#### WORK TASK:
Pictures excluded, return the lines below from the first through the line holding "Joe Locke The".
++++ INPUT FOR THIS TASK ++++
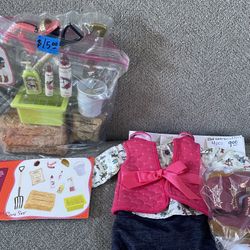 Our Generation Doll Horse play Set & Outfit. Fits American Girl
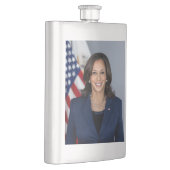 Präsident Kamala Harris USA 2024 Flachmann (Rechts)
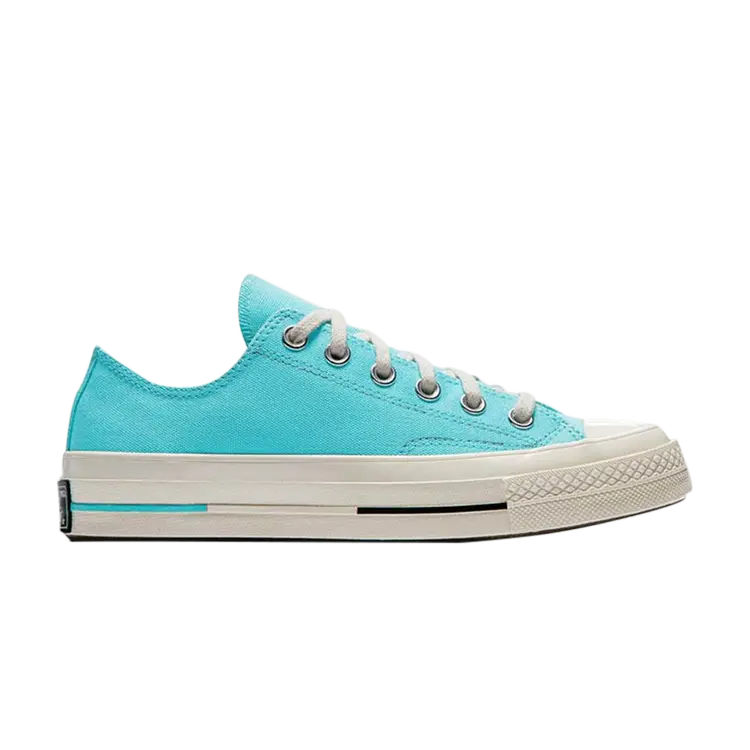 

Кроссовки Converse Chuck 70 Low 'Bleached Aqua', синий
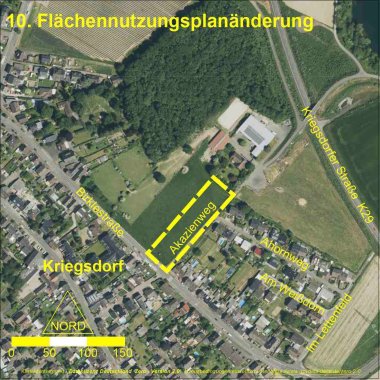 Luftbild T 31, 13. Änderung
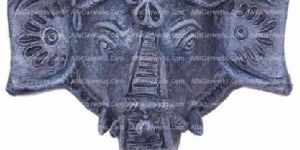 ELEPHANT HEAD WALL HANGING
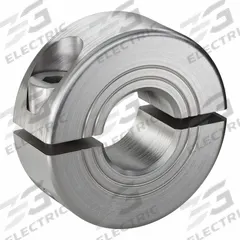 RULAND MANUFACTURING Shaft Collar: 2-Piece, Metric with Inch Bore, Round, Clamp-On, 7/16 in Bore Dia (MPN MSP-7E-SS). Key specifications — attr671628: RULAND MANUFACTURING.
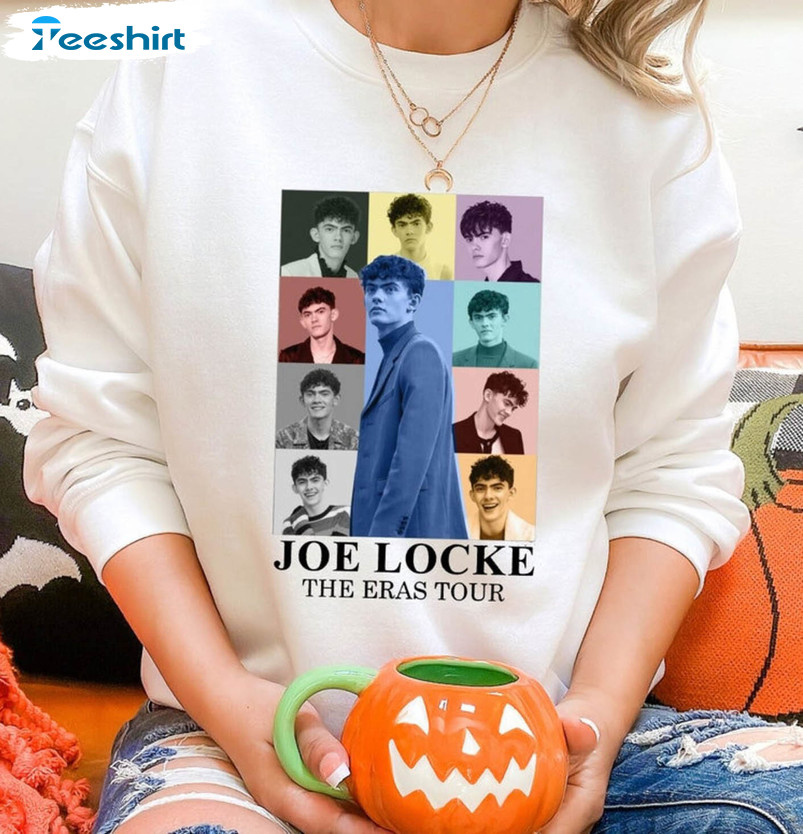 Joe Locke The Eras Tour Shirt, Vintage Eras Tour 2023 T-shirt Long Sleeve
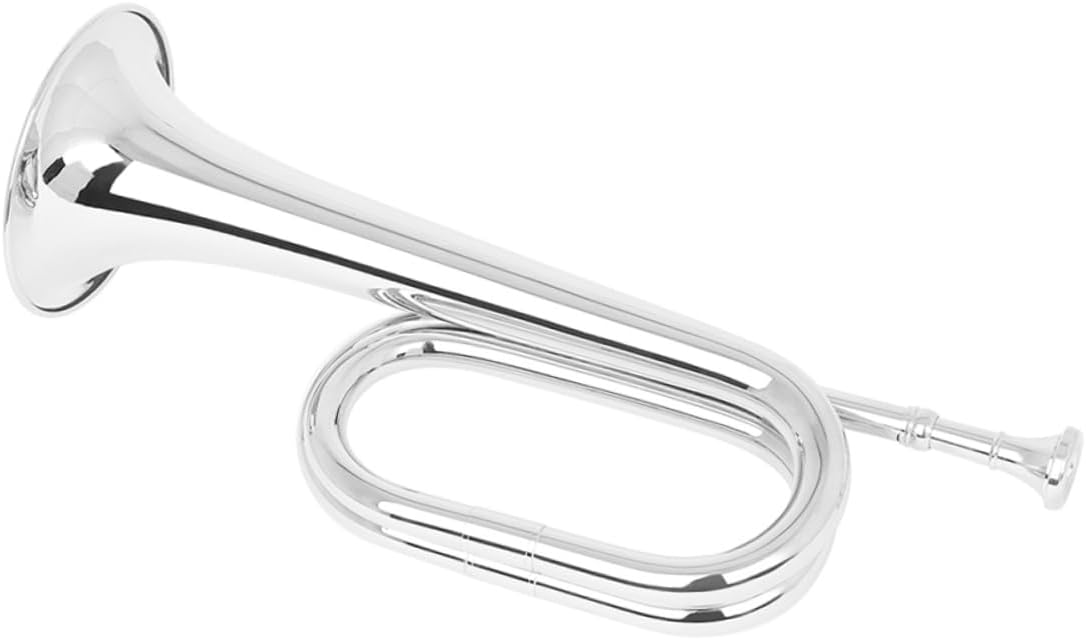 Hemoton Bugle Trumpet Copper Horn for Beginners Bugle for Orchestra and School Band Easy to Carry Resistant Design for Student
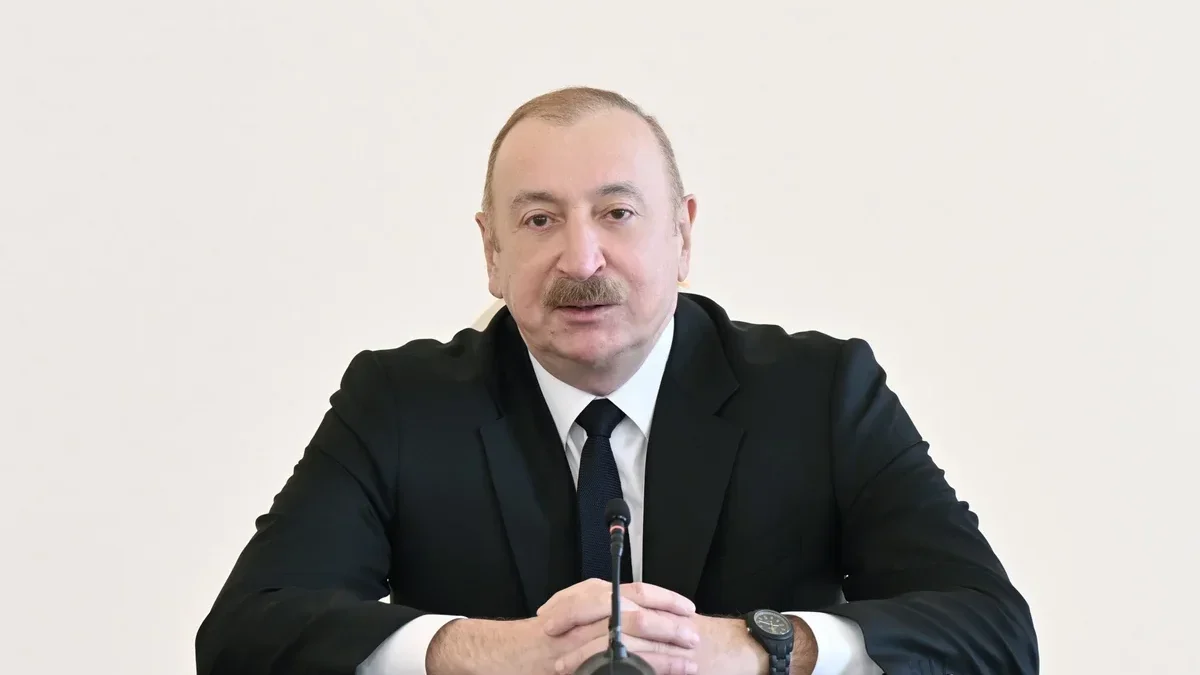Президент: Азербайджанские борцы в очередной раз доказали, что они первые в Европе
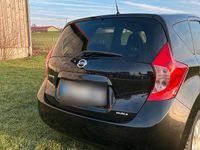 Gebraucht Nissan Note 80 PS (58 kW) 2015 Schwarz Kleinwagen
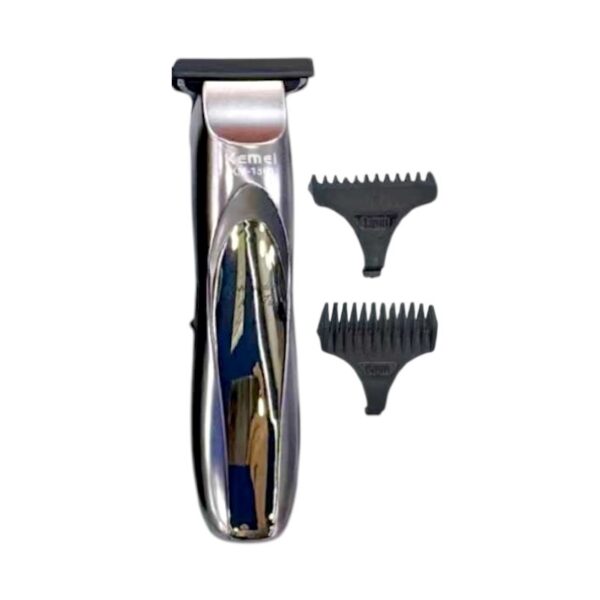 Κουρευτική μηχανή & trimmer - KM-1865 - Kemei - Silver/Gold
++++
#### SOLVED EXERCISE:
 Our Generation Doll Horse play Set & Outfit. Fits American Girl
 Präsident Kamala Harris USA 2024 Flachmann (Rechts)

Кроссовки Converse Chuck 70 Low 'Bleached Aqua', синий
 Luftbild T 31, 13. Änderung
 ELEPHANT HEAD WALL HANGING
 RULAND MANUFACTURING Shaft Collar: 2-Piece, Metric with Inch Bore, Round, Clamp-On, 7/16 in Bore Dia (MPN MSP-7E-SS). Key specifications — attr671628: RULAND MANUFACTURING.
 Joe Locke The Eras Tour Shirt, Vintage Eras Tour 2023 T-shirt Long Sleeve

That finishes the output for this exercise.